O movimento coordenado pela Frente Nacional de Luta (FNL) denuncia desvios na entrega de casas para vítimas das enchentes de 2010 e o corte de pagamentos de aluguéis sociais para as famílias pobres, a partir do mandato do prefeito sobrinho de Renan, Olavo Calheiros Neto (MDB), iniciado no ano passado.
Um dos coordenadores do FNL em Alagoas, José Alves, afirmou que o prefeito se nega a desistir do pedido de reintegração de posse da área de propriedade do município, ocupada pelas famílias há oito meses, nem sinaliza para a viabilização de casas ou outro local para abrigar as famílias. A Justiça determinou a reintegração de posse da área, que tem prazo de 48h para ser cumprida.
“As famílias são da cidade de Murici, vítimas das enchentes de 2010 e que não ganharam as casas, porque desviaram as casas. E o aluguel social o prefeito cortou. O ex-prefeito Remi Calheiros pagava, mas desde que entrou o Olavo Neto, não se pagou mais. E tem investigação no Ministério Público sobre a distribuição das casas”, disse José Alves.
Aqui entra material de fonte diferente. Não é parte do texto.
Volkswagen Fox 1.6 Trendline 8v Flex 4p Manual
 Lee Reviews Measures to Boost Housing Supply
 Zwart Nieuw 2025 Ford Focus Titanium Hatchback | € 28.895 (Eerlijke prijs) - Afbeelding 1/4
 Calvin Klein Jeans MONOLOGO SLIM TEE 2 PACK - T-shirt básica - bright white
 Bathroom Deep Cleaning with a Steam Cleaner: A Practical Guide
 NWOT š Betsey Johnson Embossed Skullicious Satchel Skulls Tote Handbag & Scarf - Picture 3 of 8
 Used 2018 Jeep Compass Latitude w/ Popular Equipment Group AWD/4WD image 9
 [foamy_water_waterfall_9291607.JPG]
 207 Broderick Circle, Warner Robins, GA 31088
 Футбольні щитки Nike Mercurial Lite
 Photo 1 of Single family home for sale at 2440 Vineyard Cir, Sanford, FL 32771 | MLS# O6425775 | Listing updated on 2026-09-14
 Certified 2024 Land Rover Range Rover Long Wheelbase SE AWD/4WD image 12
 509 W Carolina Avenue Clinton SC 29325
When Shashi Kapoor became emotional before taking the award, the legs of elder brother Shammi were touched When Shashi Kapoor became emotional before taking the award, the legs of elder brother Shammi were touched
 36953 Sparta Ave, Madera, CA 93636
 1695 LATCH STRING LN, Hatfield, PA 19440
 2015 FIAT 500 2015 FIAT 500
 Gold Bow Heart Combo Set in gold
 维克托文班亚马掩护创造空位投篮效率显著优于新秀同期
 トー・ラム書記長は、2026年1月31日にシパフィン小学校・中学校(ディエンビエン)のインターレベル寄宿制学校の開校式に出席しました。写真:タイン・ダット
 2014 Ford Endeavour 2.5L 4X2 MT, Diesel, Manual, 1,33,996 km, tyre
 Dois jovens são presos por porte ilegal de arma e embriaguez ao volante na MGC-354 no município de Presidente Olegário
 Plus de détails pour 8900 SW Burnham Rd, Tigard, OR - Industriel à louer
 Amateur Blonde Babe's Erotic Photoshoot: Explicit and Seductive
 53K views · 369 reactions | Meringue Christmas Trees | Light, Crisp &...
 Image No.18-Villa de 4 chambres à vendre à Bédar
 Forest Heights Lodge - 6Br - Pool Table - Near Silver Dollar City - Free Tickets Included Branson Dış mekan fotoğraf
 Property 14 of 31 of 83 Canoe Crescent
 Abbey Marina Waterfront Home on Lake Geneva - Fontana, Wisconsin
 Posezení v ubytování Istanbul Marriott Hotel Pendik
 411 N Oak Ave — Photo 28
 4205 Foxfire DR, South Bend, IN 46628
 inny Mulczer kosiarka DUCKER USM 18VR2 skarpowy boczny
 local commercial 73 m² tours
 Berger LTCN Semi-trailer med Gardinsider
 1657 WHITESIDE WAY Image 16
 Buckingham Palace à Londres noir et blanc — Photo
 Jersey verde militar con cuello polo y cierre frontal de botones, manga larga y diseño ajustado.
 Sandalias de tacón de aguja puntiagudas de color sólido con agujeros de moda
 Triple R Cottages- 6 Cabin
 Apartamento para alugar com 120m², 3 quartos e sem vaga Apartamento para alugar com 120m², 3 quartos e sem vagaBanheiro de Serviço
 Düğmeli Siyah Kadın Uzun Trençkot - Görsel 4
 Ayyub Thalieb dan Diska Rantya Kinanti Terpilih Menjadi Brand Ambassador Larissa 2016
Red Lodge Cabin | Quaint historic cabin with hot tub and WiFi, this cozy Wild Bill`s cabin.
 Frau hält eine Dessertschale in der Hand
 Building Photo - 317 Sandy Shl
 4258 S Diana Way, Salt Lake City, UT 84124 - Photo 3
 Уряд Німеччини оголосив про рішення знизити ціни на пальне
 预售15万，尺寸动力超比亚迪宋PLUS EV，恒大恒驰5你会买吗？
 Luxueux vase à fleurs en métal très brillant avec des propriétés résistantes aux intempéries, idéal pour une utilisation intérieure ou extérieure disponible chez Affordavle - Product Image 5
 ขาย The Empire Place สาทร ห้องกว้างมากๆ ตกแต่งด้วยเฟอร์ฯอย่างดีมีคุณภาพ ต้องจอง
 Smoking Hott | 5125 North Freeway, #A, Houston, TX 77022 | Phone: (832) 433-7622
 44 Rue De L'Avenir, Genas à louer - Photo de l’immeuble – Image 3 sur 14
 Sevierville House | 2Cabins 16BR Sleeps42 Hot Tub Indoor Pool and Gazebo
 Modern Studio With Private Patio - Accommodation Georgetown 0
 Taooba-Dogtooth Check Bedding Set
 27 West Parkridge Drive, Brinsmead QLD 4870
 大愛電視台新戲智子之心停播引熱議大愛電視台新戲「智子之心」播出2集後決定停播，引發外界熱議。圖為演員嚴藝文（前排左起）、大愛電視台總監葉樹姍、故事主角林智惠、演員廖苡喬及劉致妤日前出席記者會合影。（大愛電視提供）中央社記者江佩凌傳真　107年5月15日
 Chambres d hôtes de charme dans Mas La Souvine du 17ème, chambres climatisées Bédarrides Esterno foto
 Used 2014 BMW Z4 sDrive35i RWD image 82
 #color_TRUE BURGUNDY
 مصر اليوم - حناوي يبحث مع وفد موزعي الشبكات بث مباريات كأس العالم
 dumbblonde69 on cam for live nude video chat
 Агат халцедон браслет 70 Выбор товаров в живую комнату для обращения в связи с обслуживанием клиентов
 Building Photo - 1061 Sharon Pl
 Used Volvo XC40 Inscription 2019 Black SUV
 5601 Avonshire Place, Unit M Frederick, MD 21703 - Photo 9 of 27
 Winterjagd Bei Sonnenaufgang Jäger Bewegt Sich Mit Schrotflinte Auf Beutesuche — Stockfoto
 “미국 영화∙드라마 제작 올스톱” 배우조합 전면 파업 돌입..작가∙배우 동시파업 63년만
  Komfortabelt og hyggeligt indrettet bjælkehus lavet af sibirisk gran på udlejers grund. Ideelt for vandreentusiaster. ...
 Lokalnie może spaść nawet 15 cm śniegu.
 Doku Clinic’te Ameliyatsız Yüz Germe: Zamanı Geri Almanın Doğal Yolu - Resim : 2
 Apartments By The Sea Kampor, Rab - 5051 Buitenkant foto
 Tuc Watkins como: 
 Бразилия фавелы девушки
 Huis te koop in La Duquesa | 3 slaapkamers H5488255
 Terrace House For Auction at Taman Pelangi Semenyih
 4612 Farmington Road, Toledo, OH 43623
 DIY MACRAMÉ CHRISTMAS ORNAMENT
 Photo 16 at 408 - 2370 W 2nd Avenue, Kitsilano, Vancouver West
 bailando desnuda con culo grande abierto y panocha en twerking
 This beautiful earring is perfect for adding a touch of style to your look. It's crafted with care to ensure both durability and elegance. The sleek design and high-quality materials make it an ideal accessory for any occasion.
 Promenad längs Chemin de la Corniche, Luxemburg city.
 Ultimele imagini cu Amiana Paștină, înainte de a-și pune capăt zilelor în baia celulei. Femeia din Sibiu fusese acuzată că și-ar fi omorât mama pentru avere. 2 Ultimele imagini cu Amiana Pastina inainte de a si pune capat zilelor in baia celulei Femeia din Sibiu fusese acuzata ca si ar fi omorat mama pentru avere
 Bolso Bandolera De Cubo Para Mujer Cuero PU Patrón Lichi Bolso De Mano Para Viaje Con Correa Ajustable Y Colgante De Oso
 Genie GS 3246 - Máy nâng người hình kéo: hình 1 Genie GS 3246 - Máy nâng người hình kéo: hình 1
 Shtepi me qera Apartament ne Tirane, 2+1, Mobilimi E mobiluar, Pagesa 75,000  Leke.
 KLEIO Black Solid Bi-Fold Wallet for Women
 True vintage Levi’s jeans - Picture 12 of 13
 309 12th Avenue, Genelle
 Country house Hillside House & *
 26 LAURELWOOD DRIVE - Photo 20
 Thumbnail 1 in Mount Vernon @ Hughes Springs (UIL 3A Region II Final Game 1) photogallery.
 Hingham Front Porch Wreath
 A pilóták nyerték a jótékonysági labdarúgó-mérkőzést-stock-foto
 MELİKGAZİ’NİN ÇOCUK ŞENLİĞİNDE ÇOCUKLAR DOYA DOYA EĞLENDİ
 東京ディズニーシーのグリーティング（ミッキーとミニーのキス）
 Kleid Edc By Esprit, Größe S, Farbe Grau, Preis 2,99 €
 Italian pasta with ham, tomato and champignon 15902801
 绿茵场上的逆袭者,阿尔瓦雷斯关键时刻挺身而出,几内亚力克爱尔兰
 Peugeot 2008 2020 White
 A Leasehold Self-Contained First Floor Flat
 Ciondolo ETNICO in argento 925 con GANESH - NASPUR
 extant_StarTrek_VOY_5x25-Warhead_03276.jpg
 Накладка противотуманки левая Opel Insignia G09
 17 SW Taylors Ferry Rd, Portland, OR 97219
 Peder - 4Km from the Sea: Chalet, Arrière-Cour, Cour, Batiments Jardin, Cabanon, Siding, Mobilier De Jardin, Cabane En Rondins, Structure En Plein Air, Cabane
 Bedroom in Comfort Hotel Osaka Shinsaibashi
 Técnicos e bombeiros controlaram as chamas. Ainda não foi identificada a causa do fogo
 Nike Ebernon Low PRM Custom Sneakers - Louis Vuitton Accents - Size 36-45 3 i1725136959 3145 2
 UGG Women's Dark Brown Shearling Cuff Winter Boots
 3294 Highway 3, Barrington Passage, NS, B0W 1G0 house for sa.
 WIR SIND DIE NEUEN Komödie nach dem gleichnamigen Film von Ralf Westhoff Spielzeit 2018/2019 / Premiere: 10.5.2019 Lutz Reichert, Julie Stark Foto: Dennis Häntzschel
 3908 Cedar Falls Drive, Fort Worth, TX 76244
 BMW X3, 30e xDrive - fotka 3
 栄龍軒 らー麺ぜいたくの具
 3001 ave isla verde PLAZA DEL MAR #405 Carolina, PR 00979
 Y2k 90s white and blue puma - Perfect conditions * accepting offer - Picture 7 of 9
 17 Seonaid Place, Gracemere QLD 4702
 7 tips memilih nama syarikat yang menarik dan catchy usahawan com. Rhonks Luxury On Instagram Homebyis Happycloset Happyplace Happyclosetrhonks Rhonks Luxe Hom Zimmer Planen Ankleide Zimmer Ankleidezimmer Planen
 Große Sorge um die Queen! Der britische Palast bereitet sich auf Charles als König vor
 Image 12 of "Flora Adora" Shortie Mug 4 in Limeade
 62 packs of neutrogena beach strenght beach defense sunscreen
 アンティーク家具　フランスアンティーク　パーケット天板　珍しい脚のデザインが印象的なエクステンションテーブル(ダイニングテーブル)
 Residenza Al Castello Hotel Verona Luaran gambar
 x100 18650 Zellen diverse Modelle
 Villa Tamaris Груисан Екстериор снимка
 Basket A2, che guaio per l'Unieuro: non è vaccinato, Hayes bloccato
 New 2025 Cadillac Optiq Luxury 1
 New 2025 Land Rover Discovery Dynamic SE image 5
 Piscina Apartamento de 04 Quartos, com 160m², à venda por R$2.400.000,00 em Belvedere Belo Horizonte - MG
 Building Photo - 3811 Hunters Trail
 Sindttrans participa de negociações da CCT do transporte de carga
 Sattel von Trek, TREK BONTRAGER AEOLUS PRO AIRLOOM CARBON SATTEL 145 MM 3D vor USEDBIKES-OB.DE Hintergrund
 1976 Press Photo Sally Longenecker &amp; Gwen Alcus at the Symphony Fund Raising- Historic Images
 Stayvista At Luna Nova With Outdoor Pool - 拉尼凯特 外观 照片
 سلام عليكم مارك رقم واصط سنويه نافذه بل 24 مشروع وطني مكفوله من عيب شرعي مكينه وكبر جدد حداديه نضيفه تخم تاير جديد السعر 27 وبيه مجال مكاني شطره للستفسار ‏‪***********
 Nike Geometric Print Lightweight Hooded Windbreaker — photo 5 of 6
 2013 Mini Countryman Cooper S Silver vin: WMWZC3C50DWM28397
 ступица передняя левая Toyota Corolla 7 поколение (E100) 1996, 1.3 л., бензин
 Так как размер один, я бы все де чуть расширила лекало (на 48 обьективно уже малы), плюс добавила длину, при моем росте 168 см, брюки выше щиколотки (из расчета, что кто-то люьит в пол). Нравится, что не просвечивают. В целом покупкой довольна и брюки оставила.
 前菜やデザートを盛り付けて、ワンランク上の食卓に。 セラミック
Veja o apelo feito pela liderança da FNL para que o clã dos Calheiros intercedam junto às famílias:
ARCA DE NOÉ
O líder da FNL se refere à Operação Arca de Noé, deflagrada em abril de 2017 pelo o Grupo Estadual de Combate às Organizações Criminosas do Ministério Público de Alagoas (Gecoc) e a Polícia Civil, contra assessores de Olavo Neto suspeitos de integrar uma organização criminosa que vendeu casas em conjuntos habitacionais erguidos com recursos federais, após as enchentes de junho de 2010.
O MP divulgou que, mesmo após receber o dinheiro pela venda das casas, integrantes da organização criminosa nunca entregaram unidade alguma aos pagadores, que passaram a exigir o valor de volta.
‘IMIGRAÇÃO’
Ao demonstrar não ter sequer um projeto para solução do déficit habitacional em Murici, o prefeito Olavo Neto alegou para o Diário do Poder que as famílias de sem-teto vieram de outra cidade e que não há vítimas das enchentes ou de fatos relacionados à Operação Arca de Noé entre elas.
“É uma justificativa que o José [Alves] usa para alimentar essa mobilizações que eles estão fazendo. Esse pessoal que está lá não absolutamente tem nada a ver com a questão das casas [das enchentes]. Inclusive, lá, tem gente de outras cidades, que não são de Murici. E muita gente da mesma família”, disse Olavo Neto.
O prefeito de Murici disse que não pode se comprometer a construir novas casas, por causa da situação de crise econômica. E negou a acusação de que teria fechado o canal de negociação com as lideranças do movimento.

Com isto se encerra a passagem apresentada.